I risultati ottenuti
Dal punto di vista fenologico sebbene siano state analizzate tutte le varie fasi per singola tesi non sono state notate differenze significative sia nel germogliamento sia nella fioritura o invaiatura nelle tre annate successive a confronto.
Solo per quanto concerne l’attività vegetativa sono state rilevate differenze, infatti è stato notato che le tesi a densità di piantagione più bassa hanno provocato una produzione verde per metro lineare più alta rispetto alle densità con più alto numero di piante per ettaro, a fronte anche di un più ampio sviluppo vegetativo.
I dati forse più interessanti si riferiscono alle diversità di fruttificazione delle varie tesi. E’ stato riscontrato nel Sangiovese un maggiore produzione di uva per pianta, per le densità di piantagione più basse, che decresce mano mano si aumenta il numero di piante ad ettaro. L’influenza maggiore su questo risultato produttivo è data dal numero di grappoli per pianta piuttosto che dalla alla variazione del peso medio del grappolo.
Le curve di maturazione, per singola tesi, sono state eseguite monitorando ogni tre giorni, dall’invaiatura alla vendemmia, la concentrazione zuccherina, il pH e l’acidità totale.
E’ interessante osservare come tutti e tre i parametri abbiano, già alla fine di agosto, di ogni singola annata, valori elevati di concentrazione per poi seguire una stasi e una successiva ripresa che si conclude con la fase della vendemmia. La concentrazione zuccherina è maggiore nelle tesi con maggior numero di piante ad ettaro variando da circa 20.5 gradi brix nella densità con 6670 piante ad ettaro a 17.5-18 gradi brix nella densità con 3330 piante ad ettaro.Valori simili si hanno laddove abbiamo 2980 e 4000 piante ad ettaro.

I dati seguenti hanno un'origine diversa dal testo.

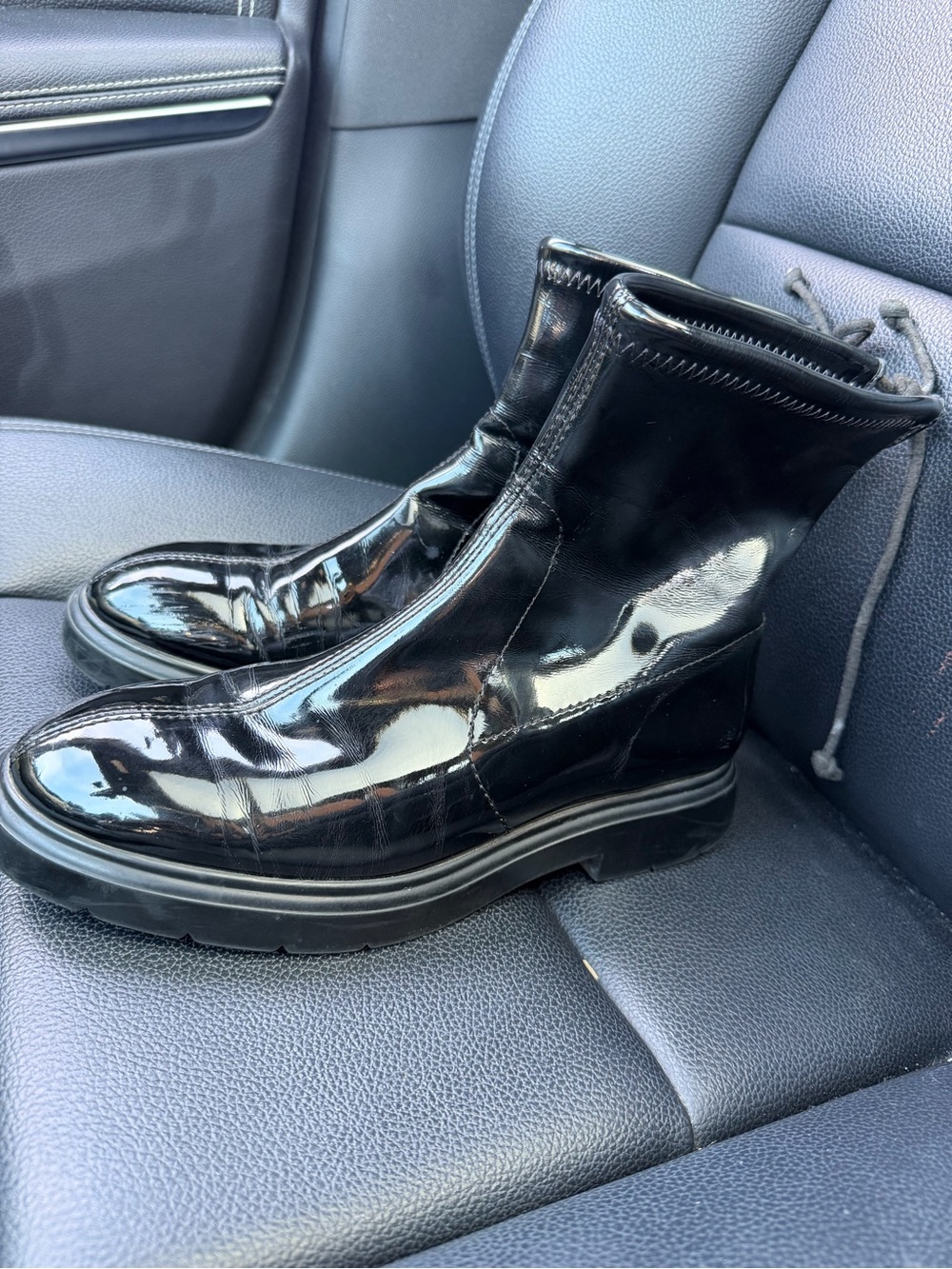 Stuart Weitzman Patent Leather Ankle Boots, Size 6, Very Good Condition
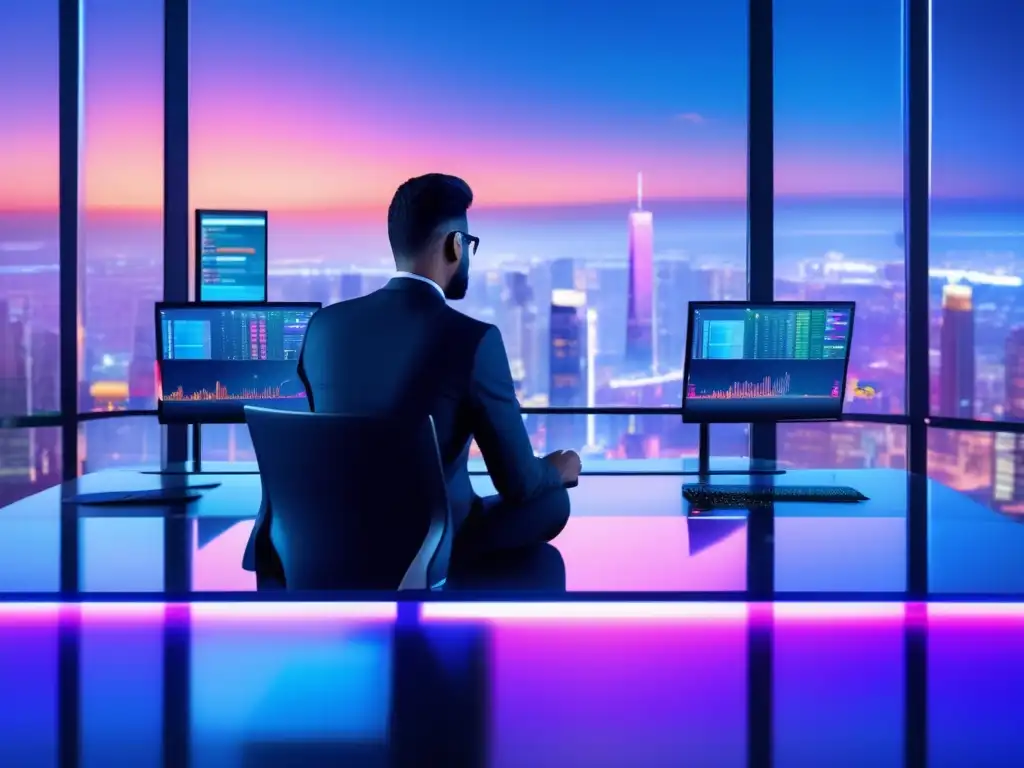 Plataforma de trading futurista con ciudad al fondo Estrategias de trading de criptomonedas rentables en una plataforma futurista con diseño moderno y urbano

L’acidità totale, espressa in grammi litro di acido tartarico, oscillava da 7.0 gr/lt nella tesi con 6670 piante a 8.2 gr/lt nella tesi con 2980 e 3330 piante ad ettaro.
I valori di pH non davano differenze statisticamente significative variando da 3.15 a 3.25.

In conclusione
Occorre ricordare come acquisizioni di questo calibro sono da considerarsi indispensabili su di ogni singolo territorio in quanto è stata più volte osservata una grande variabilità dei risultati in funzione delle condizioni ecopedologiche e dei fattori tecnico-colturali in cui si svolgono le ricerche.
Volendo valutare l’influenza della densità di piantagione si hanno varie possibilità, variando la distanza tra le file, sulla fila o entrambi i parametri.
Negli anni dei rilievi è emerso come la miglior qualità di uva si ottenga con densità di piantagione più elevate anche se non ci sono state differenze sostanziali tra i vari sesti d’impianto se non a livello quantitativo dove il sesto 2,8 x 1,2 ha prodotto di più per metro lineare.
Possiamo quindi ipotizzare che per ottenere risultati ottimali in termini enologici con il vitigno sangiovese in areali simili a quello preso in esame occorre lavorare sia su densità di piantagioni elevate (6660 piante ad ettaro) ma anche con interventi di diradamento dei grappoli per raggiungere il carico ottimale di uva proporzionato direttamente alla pianta.